She was disliked, both as a person and as a writer; she was also revered as both. Not many took a position between these two attitudes, although some alternated, bewildered and fascinated. The fascination continues; this is the second major biography Katherine Mansfield has received in two years* (and I must declare an interest: I have one in hand). Whether, when she was living, her power to fascinate stood her in good stead is a reasonable question to ask. Wyndham Lewis, quoted by Antony Alpers, referred to “the famous New Zealand Mag-story writer” having been “advertised and pushed cynically.” The implication is that her success was due to nonliterary causes, her personality, her attractiveness, her connections, etc. Yet it has continued among readers, surviving both the ill-judged attempts of her husband Middleton Murry to sanctify her for literature and the condescension of critics who never knew her but dislike her legend—Frank O’Connor’s phrase about “the brassy little shopgirl of literature,” for example.
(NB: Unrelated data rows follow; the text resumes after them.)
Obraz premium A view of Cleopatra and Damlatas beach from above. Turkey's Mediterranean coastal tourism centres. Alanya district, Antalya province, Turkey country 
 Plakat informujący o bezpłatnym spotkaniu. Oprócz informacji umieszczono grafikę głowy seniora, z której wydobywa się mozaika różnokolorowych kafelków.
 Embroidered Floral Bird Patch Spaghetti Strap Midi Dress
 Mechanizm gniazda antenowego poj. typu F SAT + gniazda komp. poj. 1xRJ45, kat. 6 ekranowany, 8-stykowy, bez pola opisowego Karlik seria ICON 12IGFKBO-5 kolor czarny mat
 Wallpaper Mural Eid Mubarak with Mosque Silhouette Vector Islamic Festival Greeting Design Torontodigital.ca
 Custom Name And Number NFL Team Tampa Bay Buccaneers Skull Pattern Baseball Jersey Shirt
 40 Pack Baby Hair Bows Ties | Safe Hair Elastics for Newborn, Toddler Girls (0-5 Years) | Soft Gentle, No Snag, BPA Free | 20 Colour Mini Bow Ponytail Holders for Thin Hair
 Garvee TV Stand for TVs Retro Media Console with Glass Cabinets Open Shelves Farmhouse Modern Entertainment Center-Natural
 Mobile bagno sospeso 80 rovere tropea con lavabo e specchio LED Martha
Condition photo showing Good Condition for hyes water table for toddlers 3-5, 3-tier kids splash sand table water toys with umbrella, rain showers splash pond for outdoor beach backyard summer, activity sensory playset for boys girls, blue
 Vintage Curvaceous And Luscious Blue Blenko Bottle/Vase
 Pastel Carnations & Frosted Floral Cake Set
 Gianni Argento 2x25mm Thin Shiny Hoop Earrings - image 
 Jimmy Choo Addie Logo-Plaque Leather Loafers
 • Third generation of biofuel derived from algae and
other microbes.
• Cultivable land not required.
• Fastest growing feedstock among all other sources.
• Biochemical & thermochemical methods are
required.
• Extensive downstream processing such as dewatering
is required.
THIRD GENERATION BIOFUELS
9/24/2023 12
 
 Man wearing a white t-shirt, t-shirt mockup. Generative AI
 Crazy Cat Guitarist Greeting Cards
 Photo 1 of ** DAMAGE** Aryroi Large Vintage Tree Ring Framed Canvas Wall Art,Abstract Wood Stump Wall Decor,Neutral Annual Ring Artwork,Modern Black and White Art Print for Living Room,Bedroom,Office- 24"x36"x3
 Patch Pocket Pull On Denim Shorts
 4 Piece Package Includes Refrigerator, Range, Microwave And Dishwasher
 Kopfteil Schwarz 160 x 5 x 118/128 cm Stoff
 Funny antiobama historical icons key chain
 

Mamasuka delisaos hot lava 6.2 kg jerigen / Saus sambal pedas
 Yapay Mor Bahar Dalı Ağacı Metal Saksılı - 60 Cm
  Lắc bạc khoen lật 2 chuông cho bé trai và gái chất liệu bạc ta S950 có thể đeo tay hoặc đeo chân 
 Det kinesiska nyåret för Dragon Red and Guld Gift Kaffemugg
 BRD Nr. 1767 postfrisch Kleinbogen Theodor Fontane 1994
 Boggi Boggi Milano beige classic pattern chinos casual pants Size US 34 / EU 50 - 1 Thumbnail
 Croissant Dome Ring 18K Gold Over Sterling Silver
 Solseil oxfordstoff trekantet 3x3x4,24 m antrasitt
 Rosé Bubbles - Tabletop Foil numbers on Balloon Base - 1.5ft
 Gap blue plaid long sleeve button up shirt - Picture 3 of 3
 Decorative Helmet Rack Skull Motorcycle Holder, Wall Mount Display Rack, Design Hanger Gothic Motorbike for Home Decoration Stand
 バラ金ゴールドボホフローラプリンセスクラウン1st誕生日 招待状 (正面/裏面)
It would be absurd to try to disconnect the life and the work. She herself was heartily dissatisfied with her own achievement at the end, and even her warmest admirers have to make what they can of the small quantity of first-rate Mansfield. She died at thirty-four and illness was destroying her steadily throughout most of her adult life, first undiagnosed and untreated gonorrhea and then tuberculosis. Poverty, or the fear of poverty, and an inability to settle in one place or let anyone settle her played their parts. Mr. Alpers points to her sense of insecurity—the cultural insecurity, he suggests, of the uprooted colonial—which he makes responsible for much of the “peculiar intimacy” of her tone.

She cared a great deal for friendship. She continually sent out letters, making offerings, seeking reassurance. But she was not an easy friend. The predominant impression from all those letters to her lovers and Murry, to Ottoline Morrell, Virginia Woolf, and Bertrand Russell, and to her fellow-expatriates, the Russian Koteliansky and her cousin Elizabeth—now so carefully gathered in the great libraries of three continents—is of someone isolated not merely from the country of her birth and her family, which she chose to leave, but among the people surrounding her in adult life. It is as though she put so much energy into breaking away from the confines of her New Zealand background that she damaged herself and lost the art of establishing a close and undefended intimacy.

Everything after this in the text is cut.